Jean-Michel Pilc’s Essential Combines Great Wit and Great Chops
Jazz pianist Jean-Michel Pilc’s new live solo album Essential is just out on Motéma, and it’s a match of astonishing chops and playful wit, in fact, one of Pilc’s best creations. A defiant advocate of pure improvisation, the way Pilc takes both original and classic themes, deconstructs them or reconstructs them, all the while making them up on the spot, is extremely entertaining. As he explains, literally everything here is improvised with the exception of one in a series of fascinating miniatures titled Etude-Tableaux – and that one Pilc came up with only a few days before he recorded this concert. The cd version of this album features features not only live concert material but also a video of a special private performance from the two-night stand where this material was recorded.

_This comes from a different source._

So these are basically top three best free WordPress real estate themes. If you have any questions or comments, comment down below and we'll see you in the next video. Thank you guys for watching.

Utilizing the entirety of the piano’s range, Pilc will occasionally venture beneath the lid and coax timbres directly from the strings themselves. There’s also evidence here of Pilc’s seemingly ambidextrous two-handed approach which on occasion resembles two separate voices, sometimes conversationally, but more often than not has them working virtually independently of one another. Also in full effect is Pilc’s puckish sense of humor. A delightful version of Caravan becomes a game of hide-and-seek, Pilc interjecting seemingly random fragments of the melody amid low, rumbling, pedaled atmospherics or joyous righthand cascades, practically a mashup of the original with an improvisation. Likewise, Pilc artfully skirts the melody of Take the A Train, a wry contrast between low boogie woogie-tinged lefthand and devious flourishes in the right. Someday My Prince Will Come hints at a darkly suspenseful bluesy ballad approach before flying off into the upper registers; by contrast, Pilc takes Chopin’s A Minor Waltz and turns it into a foundation for alternately bracing and warmly consonant lyrical passages, an utterly original repurposing which begins with pain and poignancy but ends on a hopeful note.

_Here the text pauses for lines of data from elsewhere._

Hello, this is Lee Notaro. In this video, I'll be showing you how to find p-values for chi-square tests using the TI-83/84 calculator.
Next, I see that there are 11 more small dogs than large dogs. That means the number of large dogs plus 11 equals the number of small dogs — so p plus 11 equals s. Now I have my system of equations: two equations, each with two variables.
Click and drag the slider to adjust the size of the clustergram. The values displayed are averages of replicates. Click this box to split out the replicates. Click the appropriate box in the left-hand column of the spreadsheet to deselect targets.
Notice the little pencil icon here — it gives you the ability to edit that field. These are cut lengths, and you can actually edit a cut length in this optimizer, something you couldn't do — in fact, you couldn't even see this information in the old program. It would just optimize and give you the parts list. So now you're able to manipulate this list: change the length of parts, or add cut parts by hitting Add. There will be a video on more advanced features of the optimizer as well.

Yet the original improvisations are the pieces de resistance. The title track is a thoughtful, methodical blues ballad shaded grey – it’s slow enough that the listener can think along with Pilc and watch how he does it, finally scurrying off before returning to the source. The series of Etudes-Tableaux begin with a somewhat austere boogie, followed by a deliciously bouncy, fractured pop melody with an amusing series of endings; a starlit ballad that opens the door wide on the kind of riveting intensity Pilc can deliver; another that could be Haydn through the prism of Scott Joplin; a contrasting miniature that evokes both Erik Satie and the Boomtown Rats’ I Don’t Like Mondays; and a Brubeck-esque jazz waltz that plays clever rhythmic tricks. There’s also a judicious, expansive version of I Remember You; an eerie music-box take of Scarborough Fair; an arrestingly brooding, compelling Blue in Green, and Mack the Knife, reinvented as a jester.
Pilc is playing a bunch of festivals this summer including Montreal; his next NewYork dates seem to be Aug 30-31 at the Blue Note with Pilc Moutin Hoenig Potter featuring his longtime rhythm section, bassist François Moutin and drummer Ari Hoenig, plus saxophonist Chris Potter.